Uniqueline Holzbau und Ingenieurholzbau

Holzbau - Lebensdauer von Holzhäusern

zerstörter Wald nach einem Windwurf

Höhere Lebensdauer von Holzhäusern

Bei der Lebensdauer von Holzhäusern spielen vor allem drei Faktoren eine überaus wichtige Rolle – die Verarbeitung beim Bau des Holzhauses, die richtige Dämmung und nicht zuletzt ein wirkungsvoller Holzschutz. Sofern diese Kriterien berücksichtigt werden, wird Holzhäusern von Experten eine Lebensdauer von mindestens 100 Jahren attestiert, womit sich diese ökologisch rücksichtsvolle Bauweise mit Massivhäusern durchaus auf Augenhöhe messen kann.

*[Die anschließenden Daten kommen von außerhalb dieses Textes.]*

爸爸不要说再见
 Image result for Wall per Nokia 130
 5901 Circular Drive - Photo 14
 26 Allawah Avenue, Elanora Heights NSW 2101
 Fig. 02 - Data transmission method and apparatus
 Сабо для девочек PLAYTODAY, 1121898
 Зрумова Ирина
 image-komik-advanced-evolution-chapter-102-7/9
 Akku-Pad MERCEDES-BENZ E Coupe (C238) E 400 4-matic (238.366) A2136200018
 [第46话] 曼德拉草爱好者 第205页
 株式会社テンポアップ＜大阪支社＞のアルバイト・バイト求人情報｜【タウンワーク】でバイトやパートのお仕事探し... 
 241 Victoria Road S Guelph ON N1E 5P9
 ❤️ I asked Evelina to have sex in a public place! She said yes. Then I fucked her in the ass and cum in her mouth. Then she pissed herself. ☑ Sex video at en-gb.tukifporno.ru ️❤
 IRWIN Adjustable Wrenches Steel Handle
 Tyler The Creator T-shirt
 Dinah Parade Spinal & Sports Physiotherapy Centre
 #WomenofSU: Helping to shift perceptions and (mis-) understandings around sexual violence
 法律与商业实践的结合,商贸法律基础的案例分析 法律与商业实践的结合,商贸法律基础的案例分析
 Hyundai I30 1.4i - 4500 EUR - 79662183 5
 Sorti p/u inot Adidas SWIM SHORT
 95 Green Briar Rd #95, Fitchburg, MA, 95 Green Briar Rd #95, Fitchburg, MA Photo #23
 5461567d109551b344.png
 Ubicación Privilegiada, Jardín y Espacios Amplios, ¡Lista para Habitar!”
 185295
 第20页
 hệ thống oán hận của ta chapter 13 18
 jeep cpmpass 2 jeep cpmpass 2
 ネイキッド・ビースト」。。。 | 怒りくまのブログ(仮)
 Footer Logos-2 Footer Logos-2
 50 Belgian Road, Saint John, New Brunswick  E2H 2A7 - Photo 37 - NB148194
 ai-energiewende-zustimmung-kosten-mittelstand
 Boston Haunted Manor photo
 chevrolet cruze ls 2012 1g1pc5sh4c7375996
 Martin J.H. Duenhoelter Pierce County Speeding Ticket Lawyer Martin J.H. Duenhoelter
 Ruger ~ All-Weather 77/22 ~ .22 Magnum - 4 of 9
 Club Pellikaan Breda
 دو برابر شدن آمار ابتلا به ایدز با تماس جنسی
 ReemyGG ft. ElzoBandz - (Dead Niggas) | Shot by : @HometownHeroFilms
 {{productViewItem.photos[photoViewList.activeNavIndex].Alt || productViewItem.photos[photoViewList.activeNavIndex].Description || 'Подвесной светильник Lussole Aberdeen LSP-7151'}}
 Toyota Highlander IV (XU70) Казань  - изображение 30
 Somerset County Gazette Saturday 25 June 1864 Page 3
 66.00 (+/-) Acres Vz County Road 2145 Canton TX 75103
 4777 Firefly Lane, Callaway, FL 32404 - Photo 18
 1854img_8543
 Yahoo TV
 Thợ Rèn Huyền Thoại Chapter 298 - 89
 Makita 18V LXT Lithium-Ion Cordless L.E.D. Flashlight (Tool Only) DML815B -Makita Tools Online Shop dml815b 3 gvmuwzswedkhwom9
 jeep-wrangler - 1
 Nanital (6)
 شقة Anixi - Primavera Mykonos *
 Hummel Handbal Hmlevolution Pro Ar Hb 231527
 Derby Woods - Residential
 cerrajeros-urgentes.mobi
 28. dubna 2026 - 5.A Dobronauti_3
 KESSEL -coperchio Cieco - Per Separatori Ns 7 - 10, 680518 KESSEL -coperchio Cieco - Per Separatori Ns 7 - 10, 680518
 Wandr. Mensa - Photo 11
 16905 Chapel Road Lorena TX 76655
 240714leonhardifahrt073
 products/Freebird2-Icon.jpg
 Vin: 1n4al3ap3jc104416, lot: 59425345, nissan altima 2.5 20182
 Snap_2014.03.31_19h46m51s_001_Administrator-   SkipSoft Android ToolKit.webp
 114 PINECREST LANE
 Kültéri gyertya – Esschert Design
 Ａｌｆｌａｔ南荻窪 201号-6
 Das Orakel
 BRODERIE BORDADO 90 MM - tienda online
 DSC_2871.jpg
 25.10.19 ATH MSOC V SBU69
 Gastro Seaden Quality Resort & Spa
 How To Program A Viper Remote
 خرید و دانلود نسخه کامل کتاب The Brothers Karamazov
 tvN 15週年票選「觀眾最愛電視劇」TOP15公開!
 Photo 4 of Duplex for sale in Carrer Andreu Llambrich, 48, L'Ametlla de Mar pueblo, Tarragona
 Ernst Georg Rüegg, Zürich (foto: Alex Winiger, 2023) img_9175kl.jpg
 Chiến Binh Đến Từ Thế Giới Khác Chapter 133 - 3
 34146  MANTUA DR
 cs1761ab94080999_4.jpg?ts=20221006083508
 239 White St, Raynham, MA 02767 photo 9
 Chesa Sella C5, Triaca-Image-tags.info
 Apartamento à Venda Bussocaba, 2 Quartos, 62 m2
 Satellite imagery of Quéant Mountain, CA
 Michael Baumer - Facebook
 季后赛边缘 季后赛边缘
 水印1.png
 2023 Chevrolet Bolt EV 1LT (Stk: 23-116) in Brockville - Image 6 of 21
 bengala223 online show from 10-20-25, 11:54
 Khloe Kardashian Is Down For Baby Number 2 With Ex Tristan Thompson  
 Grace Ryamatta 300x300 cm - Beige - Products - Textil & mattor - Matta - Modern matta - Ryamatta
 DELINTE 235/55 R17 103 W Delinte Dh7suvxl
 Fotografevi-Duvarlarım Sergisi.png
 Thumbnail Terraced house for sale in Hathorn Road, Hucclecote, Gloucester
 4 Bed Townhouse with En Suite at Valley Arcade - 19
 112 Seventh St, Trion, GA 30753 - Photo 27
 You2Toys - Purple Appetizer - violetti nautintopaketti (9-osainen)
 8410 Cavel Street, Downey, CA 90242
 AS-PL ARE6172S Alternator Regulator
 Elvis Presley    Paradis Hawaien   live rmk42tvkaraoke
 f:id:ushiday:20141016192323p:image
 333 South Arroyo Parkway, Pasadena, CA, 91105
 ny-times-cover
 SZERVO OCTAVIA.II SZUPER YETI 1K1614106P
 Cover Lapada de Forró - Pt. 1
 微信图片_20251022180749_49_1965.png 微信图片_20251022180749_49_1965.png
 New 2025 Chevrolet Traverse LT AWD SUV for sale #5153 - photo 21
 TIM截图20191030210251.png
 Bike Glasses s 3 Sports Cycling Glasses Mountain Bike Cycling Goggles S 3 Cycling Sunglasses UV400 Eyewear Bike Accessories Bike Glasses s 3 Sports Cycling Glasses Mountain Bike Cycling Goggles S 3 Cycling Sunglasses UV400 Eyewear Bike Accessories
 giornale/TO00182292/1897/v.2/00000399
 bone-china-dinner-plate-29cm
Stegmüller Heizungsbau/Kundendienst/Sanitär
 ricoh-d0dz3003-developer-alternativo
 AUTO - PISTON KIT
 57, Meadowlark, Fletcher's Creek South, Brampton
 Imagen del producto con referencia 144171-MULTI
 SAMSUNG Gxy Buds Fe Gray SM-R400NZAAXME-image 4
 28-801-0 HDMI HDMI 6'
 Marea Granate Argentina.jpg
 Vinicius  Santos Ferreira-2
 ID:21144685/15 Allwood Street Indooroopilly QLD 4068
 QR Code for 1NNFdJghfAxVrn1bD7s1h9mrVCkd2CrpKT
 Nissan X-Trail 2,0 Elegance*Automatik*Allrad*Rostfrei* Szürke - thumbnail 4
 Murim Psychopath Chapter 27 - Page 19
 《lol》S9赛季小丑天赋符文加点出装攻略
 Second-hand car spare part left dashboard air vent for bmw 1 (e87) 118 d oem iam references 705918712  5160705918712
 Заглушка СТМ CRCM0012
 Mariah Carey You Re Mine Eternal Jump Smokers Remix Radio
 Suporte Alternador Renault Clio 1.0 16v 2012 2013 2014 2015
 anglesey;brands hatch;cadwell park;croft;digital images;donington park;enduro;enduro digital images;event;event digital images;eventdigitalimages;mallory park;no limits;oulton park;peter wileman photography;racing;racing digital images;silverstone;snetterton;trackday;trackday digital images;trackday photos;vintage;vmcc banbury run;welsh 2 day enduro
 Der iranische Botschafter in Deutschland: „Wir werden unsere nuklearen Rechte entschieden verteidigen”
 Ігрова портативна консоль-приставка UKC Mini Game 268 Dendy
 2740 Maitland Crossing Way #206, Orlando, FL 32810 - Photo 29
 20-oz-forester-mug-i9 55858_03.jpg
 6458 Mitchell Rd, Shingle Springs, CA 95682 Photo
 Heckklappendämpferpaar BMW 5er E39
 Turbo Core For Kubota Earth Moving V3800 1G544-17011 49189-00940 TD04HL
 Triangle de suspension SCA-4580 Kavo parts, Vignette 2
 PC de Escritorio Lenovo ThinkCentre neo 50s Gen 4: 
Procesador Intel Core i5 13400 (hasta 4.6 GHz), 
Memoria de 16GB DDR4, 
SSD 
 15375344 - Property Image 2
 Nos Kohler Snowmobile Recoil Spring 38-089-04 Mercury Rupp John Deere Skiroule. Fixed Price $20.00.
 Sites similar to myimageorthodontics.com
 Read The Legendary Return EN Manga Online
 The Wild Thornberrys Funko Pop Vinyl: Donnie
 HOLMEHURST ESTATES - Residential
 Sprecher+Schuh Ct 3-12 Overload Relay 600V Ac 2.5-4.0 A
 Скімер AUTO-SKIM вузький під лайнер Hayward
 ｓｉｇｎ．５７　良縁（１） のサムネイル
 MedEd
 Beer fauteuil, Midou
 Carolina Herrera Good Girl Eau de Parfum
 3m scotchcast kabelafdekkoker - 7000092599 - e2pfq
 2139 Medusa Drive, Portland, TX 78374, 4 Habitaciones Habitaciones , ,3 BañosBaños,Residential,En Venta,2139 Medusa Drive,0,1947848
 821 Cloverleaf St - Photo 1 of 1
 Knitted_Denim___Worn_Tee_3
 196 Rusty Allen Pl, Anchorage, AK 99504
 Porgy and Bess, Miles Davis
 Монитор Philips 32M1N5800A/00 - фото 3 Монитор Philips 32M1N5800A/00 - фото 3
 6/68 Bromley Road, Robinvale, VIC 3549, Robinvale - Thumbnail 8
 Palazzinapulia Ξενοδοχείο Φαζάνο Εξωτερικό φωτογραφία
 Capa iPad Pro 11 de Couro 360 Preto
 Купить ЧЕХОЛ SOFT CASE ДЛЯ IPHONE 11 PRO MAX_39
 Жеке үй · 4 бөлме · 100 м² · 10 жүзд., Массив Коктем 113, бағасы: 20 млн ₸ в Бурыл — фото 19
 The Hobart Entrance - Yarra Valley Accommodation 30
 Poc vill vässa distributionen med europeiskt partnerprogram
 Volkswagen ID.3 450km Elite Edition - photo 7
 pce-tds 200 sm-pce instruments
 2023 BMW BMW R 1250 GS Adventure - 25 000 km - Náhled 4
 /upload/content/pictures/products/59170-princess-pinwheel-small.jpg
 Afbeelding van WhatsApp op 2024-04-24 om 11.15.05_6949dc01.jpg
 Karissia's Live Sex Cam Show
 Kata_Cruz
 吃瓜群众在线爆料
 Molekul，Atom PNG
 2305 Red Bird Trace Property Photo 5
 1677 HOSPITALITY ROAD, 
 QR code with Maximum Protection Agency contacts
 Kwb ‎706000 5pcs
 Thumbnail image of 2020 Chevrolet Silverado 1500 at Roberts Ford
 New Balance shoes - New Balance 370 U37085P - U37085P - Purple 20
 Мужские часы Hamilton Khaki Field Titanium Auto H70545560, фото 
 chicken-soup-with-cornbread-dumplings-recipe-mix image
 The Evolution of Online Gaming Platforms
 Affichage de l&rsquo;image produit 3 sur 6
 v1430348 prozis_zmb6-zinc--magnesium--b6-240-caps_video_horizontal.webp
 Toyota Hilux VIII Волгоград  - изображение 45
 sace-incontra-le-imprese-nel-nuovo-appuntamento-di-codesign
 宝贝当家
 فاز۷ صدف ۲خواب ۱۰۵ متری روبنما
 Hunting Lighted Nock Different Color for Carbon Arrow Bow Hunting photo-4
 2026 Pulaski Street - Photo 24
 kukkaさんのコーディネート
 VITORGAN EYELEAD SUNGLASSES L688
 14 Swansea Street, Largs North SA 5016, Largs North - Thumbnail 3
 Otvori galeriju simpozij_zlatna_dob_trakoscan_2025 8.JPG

Der Weg zur längeren Lebensdauer von Holzhäusern beginnt bereits bei der Planung und dem Bau der eigenen vier Wände. So sollte ausschließlich hochwertiges Holz verwendet werden. Mindestens ebenso wichtig ist es, die Einzelteile des Holzhauses sehr genau zu verbauen und dabei die größtmögliche Sorgfalt walten zu lassen. Dies gilt vor allem dann, wenn das Holzhaus als Ausbauhaus oder überwiegend in Eigenarbeit errichtet wird, also ganz oder zumindest weitgehend auf die Dienste einer ausführenden Fachfirma verzichtet wird. Andernfalls kann sich die vermeintliche Kosteneinsparung schnell als finanzielles Fiasko entpuppen.

Zu den letzten, aber umso wichtigeren Arbeitsschritten beim Bau eines Holzhauses zählen Dämmung und Isolierung von Innen- und Außenwänden. Hier sollte vor allem an den Ecken und Kanten auf eine saubere Arbeitsausführung geachtet werden, um mögliche Witterungseinflüsse vom Holzhaus fernzuhalten. Neben deutlichen Einsparungen bei den Energiekosten führt eine optimale Dämmung auch dazu, dass das Holzhaus dauerhaft vor Schädlingen wie Schimmel oder Fäulniserregern geschützt wird. Vor allem beim Holzhaus kann Schimmelbefall zur drastischen Reduzierung der maximal möglichen Lebensdauer führen.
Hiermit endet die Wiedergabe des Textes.